Pero si alcanzamos a pensar que vivimos con nuestros “semejantes” más que con nuestros “diferentes-contrincantes-adversarios-enemigos”, quizá podamos contenernos antes de que “entre” la corrupción en escena.
Y podríamos avanzar más en enfrentar el problema, si es que podemos preguntarnos en conjunto qué fuerzas internas nos movilizan en el ejercicio del poder, es decir: abrir el
tema; y al detenernos a pensar en conjunto podríamos establecer un puente con un otro compartiendo sobre esta problemática que impregna a todas las relaciones interpersonales, puente que podría darnos la oportunidad de dejar de sentir a ese otro como una parte mía y por lo tanto podría yo poner “en pausa” mi deseo de someterlo cuando me doy cuenta que es una persona diferente de mí, para entrar a “conversar” como seres civilizados que también somos.
El desafío, por lo tanto, es que se pueda suspender la engañosa gratificación de sentirse superior para darnos la oportunidad de experimentar la gratificante compañía de estar con un igual, a pesar de las frustraciones que naturalmente esto conlleva.

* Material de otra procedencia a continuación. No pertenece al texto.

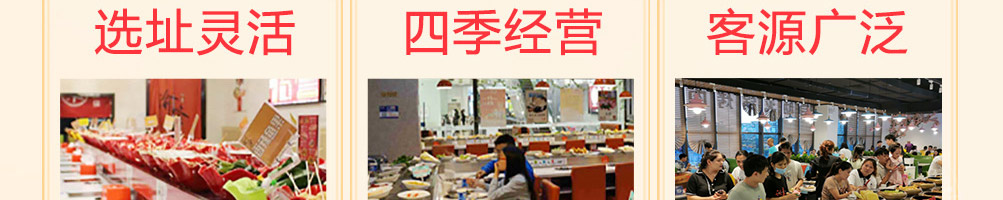 渝签印象加盟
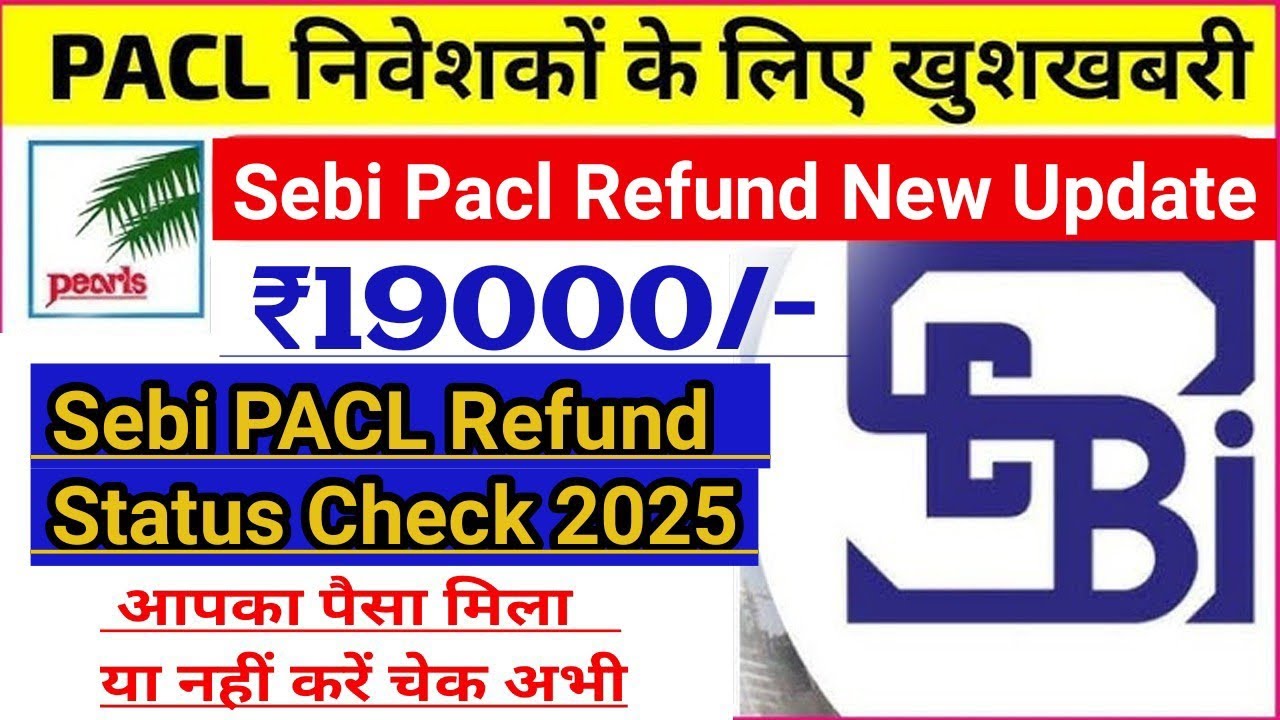 SEBI PACL claim refund status check 2025। how to check SEBI PACL refund ...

Un problema mayor ocurre cuando surgen y se organizan grupos de personas cuya unión se mantiene principalmente por las intensas gratificaciones narcisistas que otorga el ejercicio del poder, que parecen irrenunciables; como que esas personas necesitaran mantener su integridad por un apego que pudiera ser incluso adictivo a lo que dichas gratificaciones parecen otorgar, problema que por ahora sólo dejaremos enunciado.
Un intento de respuesta
Por lo tanto, cuando nos hacemos la pregunta “de qué hablamos cuando decimos que el poder corrompe”, podemos responder primero, que no es “el poder” el que corrompe, sino que es quien ostenta el poder quien se corrompe, buscando gratificar su narcisismo de un modo tal que deja de valorar al otro como una figura igual a si mismo, restándole valor, despreciándolo, facilitando así el saltarse toda norma de respeto por los derechos del otro, por su autonomía, pudiendo llegar incluso a transgredir la ley.